Kalau supir mengacungkan jarisatu, maka sejumlah orang harus
kecewa --sampai datang truk lain menawarkan pekerjaan. Tidak ada
jaminan untuk nafkah tetap. Siapa yang lebih dahulu, siapa yang
gesit, siapa yang sabar, dan siapa yang bernasib baik, boleh
dapat rejeki.
Pada suatu hari, Slamet dengan topi hijau, baju coklat dan
celana yang sudah belar berkata kepada Widi Yarmanto dari TEMPO:
"Sudah sejak pagi saya belum makan." Ucapan ini agak
bertentangan dengantubuhnya yang kekar dan keling. Apalagi
lagunya memelas. Duit bekalnya mula-mula dulu, sudah lama ludes.
Anak tunggal yang lari ini pernah ditampik oleh setiap proyek
yang disampernya. Ia hampir menangis pada masa-masa itu.

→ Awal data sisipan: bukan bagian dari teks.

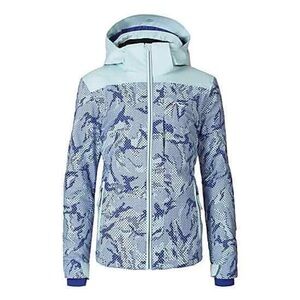 KJUS Girls Surface Insulated Ski Jacket Size 152 (US 12) Baby Blue/Spectrum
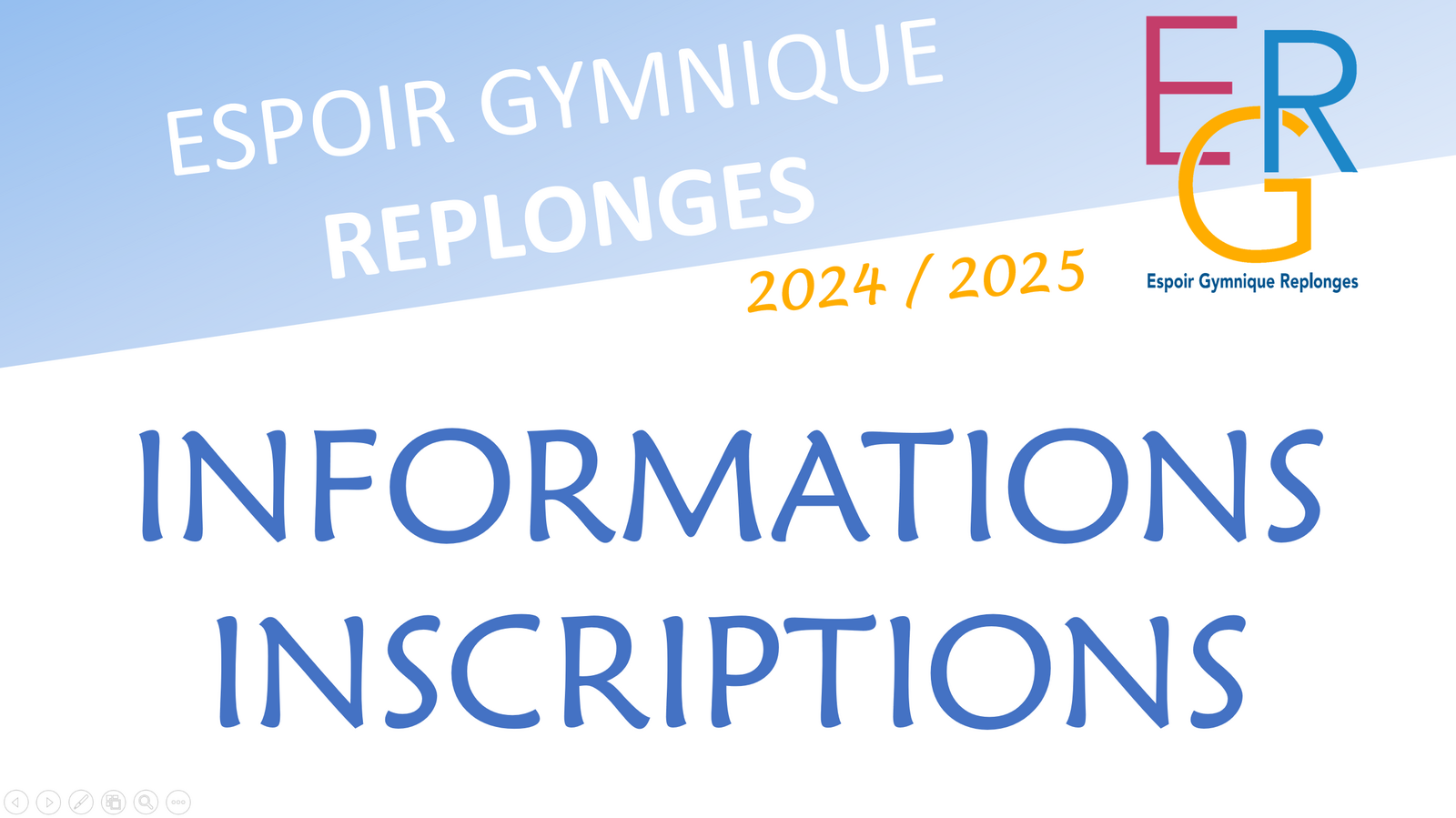 Informations nouvelles inscriptions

Lututnya gemetar karena capek dan lapar. "Selama 2 bulan
betul-betul saya jadi gelandangan. Tapi saya tidak sampai cari
puntung rokok dan minta-minta, biar begini saya masih punya
harga diri Oom."
Tetapi apa yang dinamakannya harga diri jadi kabur tatkala suatu
kali ia memutuskan untuk mencuri sekop. Jadi gelandangan telah
membosankan. Ia masih berharap jadi orang. Misalnya saja sebagai
kuli jalanan. Maka pergilah ia ke Pancoran. Di sana ada sebuah
truk yang berisi dua buah sekop yang dicarinya. Setelah memilih
yang terbaik, ia segera menyambar dan ngabur ikut truk lain yang
kebetulan lewat. "Yah sekali itu saja tak apa," katanya membela
diri.
Sejak itu kemudian ia jadi kuli jalanan. Bergabung dengan
kuli-kuli di perempatan Halim sebagai tenaga kasar menurunkan
pasir. Meskipun sodokan-sodokan pertamanya semrawut mengenai
kawan-kawannya sendiri, sehingga ia kena umpatan pedas, toh ia
senang bukan main. Upah pertama yang diterimanya waktu itu
(1973) hanya Rp 250. Tapi heran sampai sekarang ia tetap betah.
"Orang Bodoh"
Berbeda dengan Slamet, Anta, lelaki 25 tahun dari Jatiluhur,
meninggalkan desa bukan karena terpikat. Kampung miskin, daerah
minus menyebabkan ia membawa sebuah sekop untuk dikaryakan di
Jakarta sejak 1965. Tanpa mimpi muluk ia langsung mencari
perlindungan di perempatan Halim. Waktu itu kuli jalanan belum
begitu populer. Berbeda sekali dengan sekarang: kadang tenaga
kerja jauh lebih banyak dari kesempatan. Sehingga sering kita
melihat manusia tersia-sia di pinggir jalan sepanjang hari,
karena tidak kebagian tempat dalam truk. Anta sampai sekarang
tidak pernah ngotot atau bentrokan soal pekerjaan. Bagi Anta
pekerjaannya sebagai kuli bukan merupakan sambilan. Ia memang
memiliki seperempat hektar sawah warisan. Tapi itu hanya
memerlukan tenaganya selama l bulan pada saat musim anam. Lewat
masa itu, ia 100 prosen bisa tinggalkan begitu saja, karena
masih ada isteri yang melanjutkan mengurus. Sebulan sekali ia
pulang menengok, sambil meninggalkan sedikit-sedikit hasil cucur
keringat dari sekopnya. Ya sekitar Rp 2000. Malahan sering juga
tidak meninggalkan apa-apa . "Boro-boro buat anak isteri, untuk
makan sendiri saja pas-pasan," katanya.
Anta dengan KTP Purwakarta, termasuk jorok di antara
kawan-kawannya. Ia jarang mandi. Dua hari tidak mandi, lumrah.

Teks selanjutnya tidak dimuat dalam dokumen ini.